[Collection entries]
= Beginning of Section =

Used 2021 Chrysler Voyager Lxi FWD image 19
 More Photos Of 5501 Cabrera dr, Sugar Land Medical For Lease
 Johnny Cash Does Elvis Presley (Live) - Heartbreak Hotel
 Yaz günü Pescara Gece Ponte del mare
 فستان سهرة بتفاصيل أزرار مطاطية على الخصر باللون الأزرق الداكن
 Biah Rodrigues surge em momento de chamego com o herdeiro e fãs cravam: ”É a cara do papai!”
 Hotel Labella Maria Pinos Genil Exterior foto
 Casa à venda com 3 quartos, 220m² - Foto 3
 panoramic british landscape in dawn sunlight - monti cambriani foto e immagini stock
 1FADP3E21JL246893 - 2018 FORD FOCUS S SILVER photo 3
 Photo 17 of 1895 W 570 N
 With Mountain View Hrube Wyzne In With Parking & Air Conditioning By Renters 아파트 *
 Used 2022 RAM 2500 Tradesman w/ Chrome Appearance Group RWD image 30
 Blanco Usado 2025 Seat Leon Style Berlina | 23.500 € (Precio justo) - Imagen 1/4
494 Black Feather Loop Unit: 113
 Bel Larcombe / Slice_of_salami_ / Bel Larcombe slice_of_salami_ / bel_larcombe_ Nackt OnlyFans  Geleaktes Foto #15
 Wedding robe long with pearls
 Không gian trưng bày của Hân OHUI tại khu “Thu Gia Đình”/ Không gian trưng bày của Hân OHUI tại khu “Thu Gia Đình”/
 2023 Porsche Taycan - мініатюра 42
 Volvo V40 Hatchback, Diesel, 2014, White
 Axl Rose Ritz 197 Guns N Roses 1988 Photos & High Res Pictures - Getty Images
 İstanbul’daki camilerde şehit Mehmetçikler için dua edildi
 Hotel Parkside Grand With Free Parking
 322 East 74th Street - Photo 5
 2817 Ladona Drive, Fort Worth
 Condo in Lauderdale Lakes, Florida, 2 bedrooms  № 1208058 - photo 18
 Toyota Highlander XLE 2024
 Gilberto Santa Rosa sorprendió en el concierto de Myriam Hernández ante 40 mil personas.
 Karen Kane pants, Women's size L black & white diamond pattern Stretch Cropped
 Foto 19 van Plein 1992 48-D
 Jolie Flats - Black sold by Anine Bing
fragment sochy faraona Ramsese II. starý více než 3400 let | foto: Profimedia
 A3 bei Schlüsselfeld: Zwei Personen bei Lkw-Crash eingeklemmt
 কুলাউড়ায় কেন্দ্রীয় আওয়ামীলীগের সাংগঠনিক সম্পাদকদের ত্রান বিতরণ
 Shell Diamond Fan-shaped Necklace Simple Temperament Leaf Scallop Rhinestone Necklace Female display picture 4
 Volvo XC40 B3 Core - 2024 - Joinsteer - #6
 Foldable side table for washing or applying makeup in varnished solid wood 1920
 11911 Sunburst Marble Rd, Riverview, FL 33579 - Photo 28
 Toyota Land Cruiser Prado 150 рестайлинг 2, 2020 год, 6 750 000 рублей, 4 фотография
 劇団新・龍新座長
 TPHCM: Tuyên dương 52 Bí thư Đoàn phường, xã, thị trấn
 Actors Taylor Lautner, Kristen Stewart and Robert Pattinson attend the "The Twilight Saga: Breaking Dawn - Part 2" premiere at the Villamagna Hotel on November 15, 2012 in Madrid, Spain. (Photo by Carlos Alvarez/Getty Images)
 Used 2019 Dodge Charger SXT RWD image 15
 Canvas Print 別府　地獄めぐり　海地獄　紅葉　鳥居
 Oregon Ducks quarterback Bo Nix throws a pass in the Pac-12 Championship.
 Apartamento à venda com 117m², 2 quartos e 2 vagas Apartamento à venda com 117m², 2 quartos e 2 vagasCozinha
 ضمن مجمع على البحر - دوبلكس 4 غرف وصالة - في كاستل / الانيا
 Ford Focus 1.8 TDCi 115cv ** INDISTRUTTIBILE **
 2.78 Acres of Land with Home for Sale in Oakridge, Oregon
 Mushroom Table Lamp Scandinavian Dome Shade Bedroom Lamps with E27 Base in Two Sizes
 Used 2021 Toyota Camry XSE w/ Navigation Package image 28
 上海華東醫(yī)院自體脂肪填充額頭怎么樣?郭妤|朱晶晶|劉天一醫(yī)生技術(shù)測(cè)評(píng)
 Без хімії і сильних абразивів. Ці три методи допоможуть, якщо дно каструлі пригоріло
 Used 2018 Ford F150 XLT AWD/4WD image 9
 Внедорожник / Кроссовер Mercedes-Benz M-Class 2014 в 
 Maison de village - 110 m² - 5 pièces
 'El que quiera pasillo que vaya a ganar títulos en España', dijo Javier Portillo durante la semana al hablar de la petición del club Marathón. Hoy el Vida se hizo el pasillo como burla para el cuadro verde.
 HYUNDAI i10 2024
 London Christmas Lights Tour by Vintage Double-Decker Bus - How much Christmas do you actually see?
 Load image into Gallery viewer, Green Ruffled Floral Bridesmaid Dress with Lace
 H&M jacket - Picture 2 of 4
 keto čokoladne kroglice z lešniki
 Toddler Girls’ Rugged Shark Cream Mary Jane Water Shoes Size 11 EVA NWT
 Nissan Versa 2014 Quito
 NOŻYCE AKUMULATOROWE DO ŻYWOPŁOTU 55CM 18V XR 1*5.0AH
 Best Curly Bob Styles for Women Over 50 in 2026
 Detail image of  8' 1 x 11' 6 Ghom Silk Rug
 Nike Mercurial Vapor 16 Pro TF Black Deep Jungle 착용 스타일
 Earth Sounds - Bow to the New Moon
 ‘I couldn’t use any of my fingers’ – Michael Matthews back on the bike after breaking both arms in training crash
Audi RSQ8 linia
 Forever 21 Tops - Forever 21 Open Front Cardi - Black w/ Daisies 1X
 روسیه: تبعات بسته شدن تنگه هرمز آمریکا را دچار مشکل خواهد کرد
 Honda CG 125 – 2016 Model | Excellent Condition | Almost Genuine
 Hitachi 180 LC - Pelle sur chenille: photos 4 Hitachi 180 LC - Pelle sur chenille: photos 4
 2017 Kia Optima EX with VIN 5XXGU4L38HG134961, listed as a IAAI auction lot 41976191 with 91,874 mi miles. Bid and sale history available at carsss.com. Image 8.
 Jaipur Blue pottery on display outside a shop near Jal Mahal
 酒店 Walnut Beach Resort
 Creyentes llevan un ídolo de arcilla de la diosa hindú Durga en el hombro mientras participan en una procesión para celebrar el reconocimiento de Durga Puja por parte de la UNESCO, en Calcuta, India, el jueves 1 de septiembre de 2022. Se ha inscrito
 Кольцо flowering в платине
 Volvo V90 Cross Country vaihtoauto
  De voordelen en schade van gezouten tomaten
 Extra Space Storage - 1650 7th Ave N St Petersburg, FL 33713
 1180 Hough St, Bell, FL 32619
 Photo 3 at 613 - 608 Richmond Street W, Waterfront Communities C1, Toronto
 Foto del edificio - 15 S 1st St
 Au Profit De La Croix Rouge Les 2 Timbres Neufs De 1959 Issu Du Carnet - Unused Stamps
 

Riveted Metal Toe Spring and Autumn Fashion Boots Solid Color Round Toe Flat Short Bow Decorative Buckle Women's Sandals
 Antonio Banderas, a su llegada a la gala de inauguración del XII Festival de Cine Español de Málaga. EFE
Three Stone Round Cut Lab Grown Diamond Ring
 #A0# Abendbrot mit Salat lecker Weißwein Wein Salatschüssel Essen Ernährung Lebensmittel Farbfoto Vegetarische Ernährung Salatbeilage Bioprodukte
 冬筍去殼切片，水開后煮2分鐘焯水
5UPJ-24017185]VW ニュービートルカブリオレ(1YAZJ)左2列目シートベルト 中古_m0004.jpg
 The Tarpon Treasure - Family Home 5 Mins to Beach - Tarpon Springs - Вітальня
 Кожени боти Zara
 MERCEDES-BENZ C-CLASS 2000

= End of Section =

= Assignment =
Repeat exactly the lines above, starting with the first line of the records and finishing with the line holding "Bel Larcombe /". Add no other line.

= Answer box =
Used 2021 Chrysler Voyager Lxi FWD image 19
 More Photos Of 5501 Cabrera dr, Sugar Land Medical For Lease
 Johnny Cash Does Elvis Presley (Live) - Heartbreak Hotel
 Yaz günü Pescara Gece Ponte del mare
 فستان سهرة بتفاصيل أزرار مطاطية على الخصر باللون الأزرق الداكن
 Biah Rodrigues surge em momento de chamego com o herdeiro e fãs cravam: ”É a cara do papai!”
 Hotel Labella Maria Pinos Genil Exterior foto
 Casa à venda com 3 quartos, 220m² - Foto 3
 panoramic british landscape in dawn sunlight - monti cambriani foto e immagini stock
 1FADP3E21JL246893 - 2018 FORD FOCUS S SILVER photo 3
 Photo 17 of 1895 W 570 N
 With Mountain View Hrube Wyzne In With Parking & Air Conditioning By Renters 아파트 *
 Used 2022 RAM 2500 Tradesman w/ Chrome Appearance Group RWD image 30
 Blanco Usado 2025 Seat Leon Style Berlina | 23.500 € (Precio justo) - Imagen 1/4
494 Black Feather Loop Unit: 113
 Bel Larcombe / Slice_of_salami_ / Bel Larcombe slice_of_salami_ / bel_larcombe_ Nackt OnlyFans  Geleaktes Foto #15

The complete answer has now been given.